The story is this.  The disciples are fighting a losing battle on the Sea of Galilee.  They have been rowing for home for hours, after the feeding of the five thousand, but the winds are high, the sea is rough, and they lose headway rather than gain it.  Jesus, who stayed behind to pray and regain his spiritual strength in solitude,  comes to help them.  They see him approaching and are afraid, for what he is doing, walking on water, is against nature.  Only an apparition could do that!  Jesus senses their fear and, as always, says, “Fear not!”  Peter, always impetuous, reasons with himself: if this truly is Jesus a miracle will prove it.  What shall I ask for?  The first thing that comes to mind is to ask to do the thing that Jesus is doing.  All goes well as long as Peter keeps his eyes on Jesus’ eyes.  But Peter’s attention wavers and he begins to sink, and cries out for help.  Jesus rescues him, but at the same time chides him.  What does he chide Peter for?  That is the answer we need to know if we aspire to having walk-on-water faith, which is to say faith approaching Jesus’ faith.

The critical moment for Peter came when he turned his attention from Jesus to the surrounding peril, and that was fatal to his success.  Why?  We could say because he became self-conscious, but I’d like to suggest another way to look at it.  All of us live, potentially, on two levels; or in New Testament terms, we have two lives.  One is called “life in Christ” or “eternal life” and the other is our life in this world.  Typically we live on the latter level, where we depend on our own power, Stonewall Jackson power.  Jesus lived on the eternal level.  This sounds mysterious, but we can claim that life just as he did.  The secret is in the story.  Remember how the disciples took off in the boat?  Not Jesus!  He knew he needed to renew himself in eternal life.  So he stayed behind, alone, because the renewal he sought only comes with meditative prayer.

To give you an image of that kind of prayer, imagine yourself as a sponge in water.  It takes no time at all to get the sponge into the water, but it takes quite a while for the water to get into the sponge.  So time is needed, plus stillness and a degree of silence, for God’s Spirit to fill us.  Words are not needed; in fact, they are a hinderance.  Just silent soaking in the loving presence of God.  In time the sense of oneself as a solitary individual diminishes, and a sense of oneself as being one with all creation increases.  In other words, the transition from time-bound life, self-bound life, to eternal life, limitless life has begun.  And to give you an image of those two levels of life, think of Stonewall Jackson and Barbara Frietchie.

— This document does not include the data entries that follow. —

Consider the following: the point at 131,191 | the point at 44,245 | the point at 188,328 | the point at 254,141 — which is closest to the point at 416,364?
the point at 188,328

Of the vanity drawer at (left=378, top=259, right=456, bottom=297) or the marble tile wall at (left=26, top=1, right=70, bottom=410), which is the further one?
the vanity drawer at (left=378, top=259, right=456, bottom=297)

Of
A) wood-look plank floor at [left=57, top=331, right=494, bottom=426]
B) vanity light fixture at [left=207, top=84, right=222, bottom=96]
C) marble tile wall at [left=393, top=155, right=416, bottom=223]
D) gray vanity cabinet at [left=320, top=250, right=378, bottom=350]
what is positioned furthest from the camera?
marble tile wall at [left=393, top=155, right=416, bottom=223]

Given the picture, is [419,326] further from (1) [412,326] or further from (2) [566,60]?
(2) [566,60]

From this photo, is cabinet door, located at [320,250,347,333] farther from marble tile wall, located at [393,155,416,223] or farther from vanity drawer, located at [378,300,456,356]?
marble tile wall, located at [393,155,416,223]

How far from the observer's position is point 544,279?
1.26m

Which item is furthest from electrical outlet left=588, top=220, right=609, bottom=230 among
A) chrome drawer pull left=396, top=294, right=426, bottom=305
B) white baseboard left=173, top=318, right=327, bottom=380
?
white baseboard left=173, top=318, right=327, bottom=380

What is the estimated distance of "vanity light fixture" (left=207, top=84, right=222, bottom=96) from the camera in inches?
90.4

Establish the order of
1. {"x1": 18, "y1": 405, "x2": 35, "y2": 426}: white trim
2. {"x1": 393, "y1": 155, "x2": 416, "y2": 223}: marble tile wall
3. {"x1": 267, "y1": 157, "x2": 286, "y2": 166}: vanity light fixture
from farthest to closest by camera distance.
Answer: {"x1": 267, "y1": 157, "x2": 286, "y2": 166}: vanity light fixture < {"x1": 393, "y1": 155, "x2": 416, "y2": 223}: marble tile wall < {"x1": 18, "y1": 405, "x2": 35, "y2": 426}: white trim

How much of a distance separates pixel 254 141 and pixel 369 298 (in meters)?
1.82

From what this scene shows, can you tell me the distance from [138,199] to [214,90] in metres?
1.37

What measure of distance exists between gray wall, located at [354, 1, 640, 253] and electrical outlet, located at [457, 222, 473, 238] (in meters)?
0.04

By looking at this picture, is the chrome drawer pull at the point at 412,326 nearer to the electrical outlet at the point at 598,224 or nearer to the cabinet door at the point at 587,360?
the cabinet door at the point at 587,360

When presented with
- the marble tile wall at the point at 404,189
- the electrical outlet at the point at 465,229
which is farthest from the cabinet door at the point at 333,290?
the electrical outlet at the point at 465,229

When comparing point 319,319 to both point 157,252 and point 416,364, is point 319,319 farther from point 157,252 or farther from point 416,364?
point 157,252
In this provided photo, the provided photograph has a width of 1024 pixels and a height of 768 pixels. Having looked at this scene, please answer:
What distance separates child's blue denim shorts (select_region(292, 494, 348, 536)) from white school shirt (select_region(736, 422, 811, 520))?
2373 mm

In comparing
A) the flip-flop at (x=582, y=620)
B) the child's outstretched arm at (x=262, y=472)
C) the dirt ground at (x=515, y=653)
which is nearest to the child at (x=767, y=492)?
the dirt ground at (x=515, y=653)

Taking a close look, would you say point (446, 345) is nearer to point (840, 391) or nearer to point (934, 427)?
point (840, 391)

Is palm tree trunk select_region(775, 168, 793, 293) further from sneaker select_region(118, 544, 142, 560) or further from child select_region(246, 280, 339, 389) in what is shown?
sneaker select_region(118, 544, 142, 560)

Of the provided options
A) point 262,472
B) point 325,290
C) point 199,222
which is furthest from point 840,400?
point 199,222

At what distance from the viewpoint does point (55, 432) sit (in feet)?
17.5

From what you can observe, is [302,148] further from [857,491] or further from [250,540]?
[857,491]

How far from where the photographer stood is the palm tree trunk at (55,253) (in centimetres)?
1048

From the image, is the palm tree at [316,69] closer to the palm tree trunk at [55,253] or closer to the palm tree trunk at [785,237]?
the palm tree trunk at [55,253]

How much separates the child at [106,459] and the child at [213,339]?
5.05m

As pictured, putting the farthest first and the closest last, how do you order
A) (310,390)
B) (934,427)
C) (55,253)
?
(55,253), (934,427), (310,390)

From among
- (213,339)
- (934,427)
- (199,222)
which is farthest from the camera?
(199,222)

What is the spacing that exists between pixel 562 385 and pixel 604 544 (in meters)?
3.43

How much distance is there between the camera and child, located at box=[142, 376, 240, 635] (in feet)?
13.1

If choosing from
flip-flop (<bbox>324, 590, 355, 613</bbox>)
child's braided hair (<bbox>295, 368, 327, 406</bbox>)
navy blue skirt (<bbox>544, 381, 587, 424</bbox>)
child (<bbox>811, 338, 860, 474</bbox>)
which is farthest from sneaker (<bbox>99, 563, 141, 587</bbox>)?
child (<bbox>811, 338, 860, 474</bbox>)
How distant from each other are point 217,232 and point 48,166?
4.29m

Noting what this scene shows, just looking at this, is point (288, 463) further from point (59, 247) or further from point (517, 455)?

So the story of Peter walking on water is not the story of a bizarre incident, but a story full of practical hope for us.  It says that we need not feel hopeless or helpless, even though we stand awash in waves, be they the S&P downgrading, the unrest in the Middle East, the stock market plunges, the dangers of hydrofracking — we live in a sea of threats.  To face them without fear, and with the capacity to act effectively to make a difference, we practice as Jesus did.  We seek a place of solitude and quiet, allowing God’s Spirit to work in us, making us one with all creation.